On Sun, Jan 12, 2025 at 3:04 PM Štefan Miklošovič <smikloso...@apache.org>
wrote:

> Oh yeah I knew Sidecar will be mentioned, let's dive into that.
>
> Sidecar has a lot of endpoints / functionality, backup / restore is just
> part of that.
>
> What I proposed has also thes advantages:
>
> 1) Every time you go to upload to some cloud storage provider, you need to
> add all the dependencies to Sidecar to do that. In the case of S3, we need
> to add S3 libs. What about Azure? We need to add a library which knows how
> to talk to Azure. Then GCP ... This was probably the case why this "cloud
> specific" functionality was never part of Cassandra itself but by adding
> all the libraries with all the dependencies, we would bloat the tarball
> unnecessarily, tracking all the dependencies which might be incompatible
> etc.
>
> However, you can also mount S3 bucket to a system and it acts as any other
> native data dir. You can do the same with Azure (1) etc. But you do not
> need to depend on any library. It will just copy files. That's it. That
> means we are ready for whatever storage there might be as long as it can be
> mounted locally. We would just have the same code for Azure, S3, NFS, a
> local disk ... anything.
>
> 2) I am not sure we should _force_ people to use Sidecar if there are way
> more simple ways to do the job. If we just enabled snapshots to be taken
> outside of Cassandra data dir, then there is no reason to use Sidecar just
> to be able to backup snapshots because Cassandra could do it itself. I
> think we should strive for doing as much as possible with the least amount
> of effort and I do not think that taking care of Sidecar for each node in a
> cluster, configuring it, learning it should be mandatory. What if a
> respective business is not interested in running Sidecar, they just want to
> copy directly from Cassandra and be done with it? If we force people to use
> Sidecar then somebody has to take care of all of that.
>
> I am not saying that Sidecar is not suitable for restoring / backuping,
> but I do not see anything wrong with having options.
>
> (1)
> https://learn.microsoft.com/en-us/azure/storage/blobs/blobfuse2-configuration
>
> On Sun, Jan 12, 2025 at 11:46 PM Jon Haddad <j...@rustyrazorblade.com>
> wrote:
>
>> Sound like part of a backup strategy.    Probably worth chiming in on the
>> sidecar issue: https://issues.apache.org/jira/browse/CASSSIDECAR-148.
>>
>> IIRC, Medusa and Tablesnap both uploaded a manifest and don't upload
>> multiple copies of the same SSTables.  I think this should definitely be
>> part of our backup system.
>>
>> Jon
>>
>>
>>
>> On Sun, Jan 12, 2025 at 10:25 AM Štefan Miklošovič <
>> smikloso...@apache.org> wrote:
>>
>>> Hi,
>>>
>>> I would like to run this through ML to gather feedback as we are
>>> contemplating about making this happen.
>>>
>>> Currently, snapshots are just hardlinks located in a snapshot directory
>>> to live data directory. That is super handy as it occupies virtually zero
>>> disk space etc (as long as underlying SSTables are not compacted away, then
>>> their size would "materialize").
>>>
>>> On the other hand, because it is a hardlink, it is not possible to make
>>> hard links across block devices (infamous "Invalid cross-device link"
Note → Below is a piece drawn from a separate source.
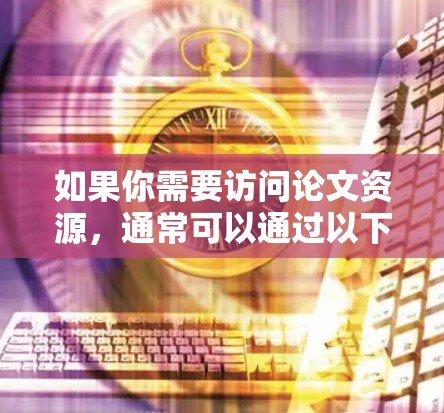 如果你需要访问论文资源，通常可以通过以下方式实现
>>> error). That means that snapshots can ever be located on the very same disk
>>> Cassandra has its datadirs on.
>>>
>>> Imagine there is a company ABC which has 10 TiB disk (or NFS share)
>>> mounted to a Cassandra node and they would like to use that as a cheap /
>>> cold storage of snapshots. They do not care about the speed of such storage
>>> nor they care about how much space it occupies etc. when it comes to
>>> snapshots. On the other hand, they do not want to have snapshots occupying
>>> a disk space where Cassandra has its data because they consider it to be a
>>> waste of space. They would like to utilize fast disk and disk space for
>>> production data to the max and snapshots might eat a lot of that space
>>> unnecessarily.
>>>
>>> There might be a configuration property like "snapshot_root_dir:
>>> /mnt/nfs/cassandra" and if a snapshot is taken, it would just copy SSTables
>>> there, but we need to be a little bit smart here (By default, it would all
>>> work as it does now - hard links to snapshot directories located under
>>> Cassandra's data_file_directories.)
>>>
>>> Because it is a copy, it occupies disk space. But if we took 100
>>> snapshots on the same SSTables, we would not want to copy the same files
>>> 100 times. There is a very handy way to prevent this - unique SSTable
>>> identifiers (under already existing uuid_sstable_identifiers_enabled
>>> property) so we could have a flat destination hierarchy where all SSTables
>>> would be located in the same directory and we would just check if such
>>> SSTable is already there or not before copying it. Snapshot manifests
>>> (currently under manifest.json) would then contain all SSTables a logical
>>> snapshot consists of.
>>>
>>> This would be possible only for _user snapshots_. All snapshots taken by
>>> Cassandra itself (diagnostic snapshots, snapshots upon repairs, snapshots
>>> against all system tables, ephemeral snapshots) would continue to be hard
>>> links and it would not be possible to locate them outside of live data
>>> dirs.
>>>
>>> The advantages / characteristics of this approach for user snapshots:
>>>
>>> 1. Cassandra will be able to create snapshots located on different
>>> devices.
>>> 2. From an implementation perspective it would be totally transparent,
>>> there will be no specific code about "where" we copy. We would just copy,
>>> from Java perspective, as we copy anywhere else.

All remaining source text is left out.